Ata Canani freut sich sichtlich über den Hauptpreis des Holger Czukay Preis für Popmusik der Stadt Köln im Mülheimer Kulturbunker
Copyright: Elena Kugelmeier
„Das ist auch unsere Heimat und wir gehören hier hin“, sagt Ozan Ata Canani. Er steht mit Band und Bağlama auf der Bühne, das türkische Saiteninstrument begleitet ihn bereist seit frühster Kindheit. Vor ihm das Publikum des diesjährigen Holger Czukay-Preis für Popmusik der Stadt Köln im Mülheimer Kulturbunker. Canani hat den Hauptpreis gewonnen und füllt zum Dank den Raum mit anatolischen Rockklängen und seiner warmen Stimme, die von harten Zeiten erzählt. In seinem Lied „Deutsche Freunde“ besingt er die Lebensrealität der ersten Gastarbeiter-Generation in Deutschland: Mit Zeilen wie „Arbeitskräfte wurden gerufen und Menschen sind gekommen“ richtet er seine anatolischen Rockklänge an die deutschen Politiker, denen er vorwirft, Gastarbeiter wie Maschinen zu behandeln.
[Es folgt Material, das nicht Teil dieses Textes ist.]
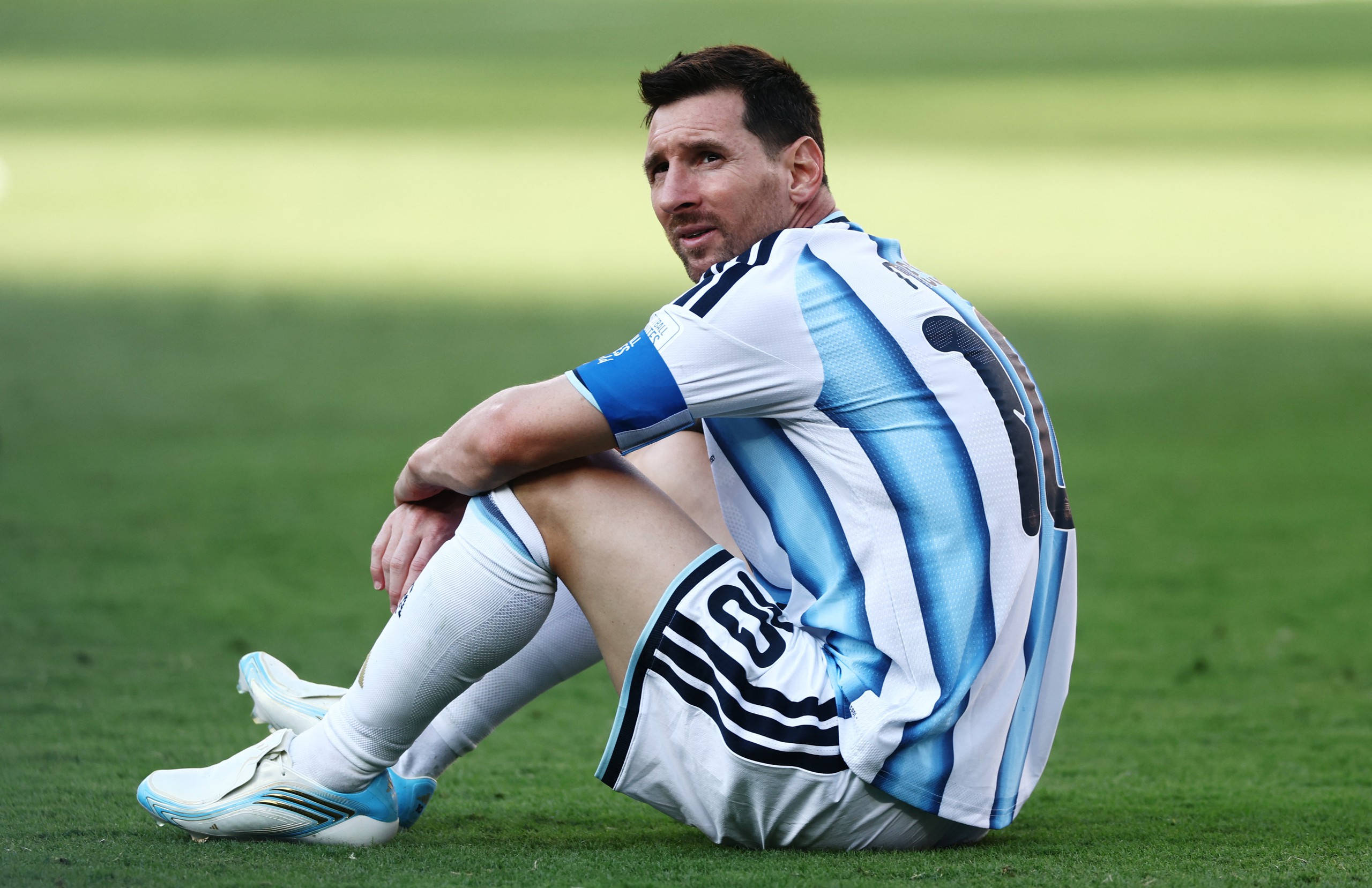 Báo Argentina: Cảm ơn Messi, chúng tôi chỉ muốn anh tiếp tục thi đấu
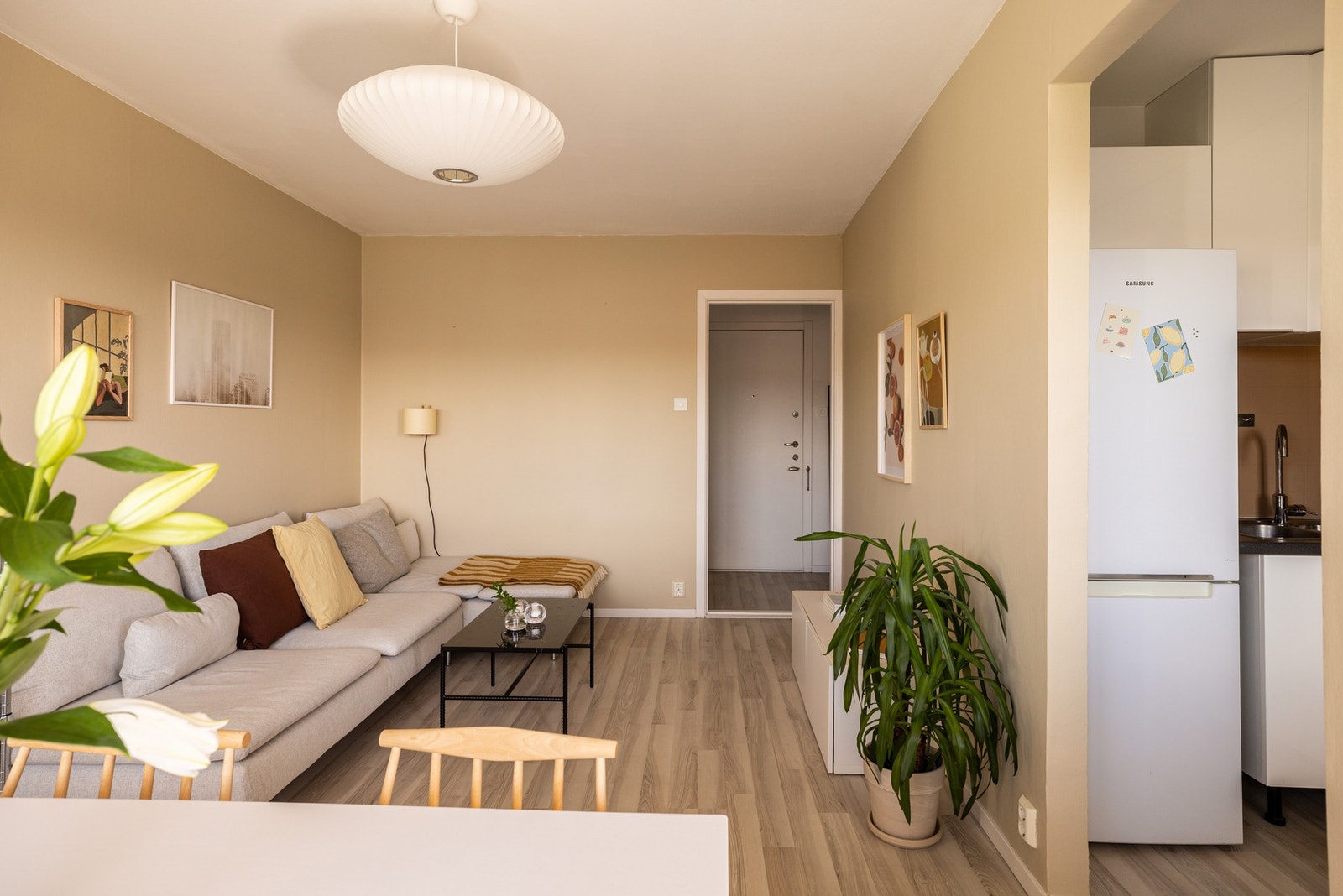 Stuen har en god størrelse og kan enkelt møbleres med både sittegruppe og spiseplass. Galleribilde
Canani ist einer der Kinder dieser ersten Generation von türkischen Gastarbeitern, die Deutschland Anfang der 60er-Jahre anwarb. „Und die Kinder dieser Menschen sind geteilt in zwei Welten. Ich bin Ata und frage euch, wo wir jetzt hingehören“, singt Canani. Canani erzählt über Chancenungleichheit. Auf der Preisverleihung erzählt er von Rassismus, fehlender Chancengleichheit und appelliert an die Menschlichkeit.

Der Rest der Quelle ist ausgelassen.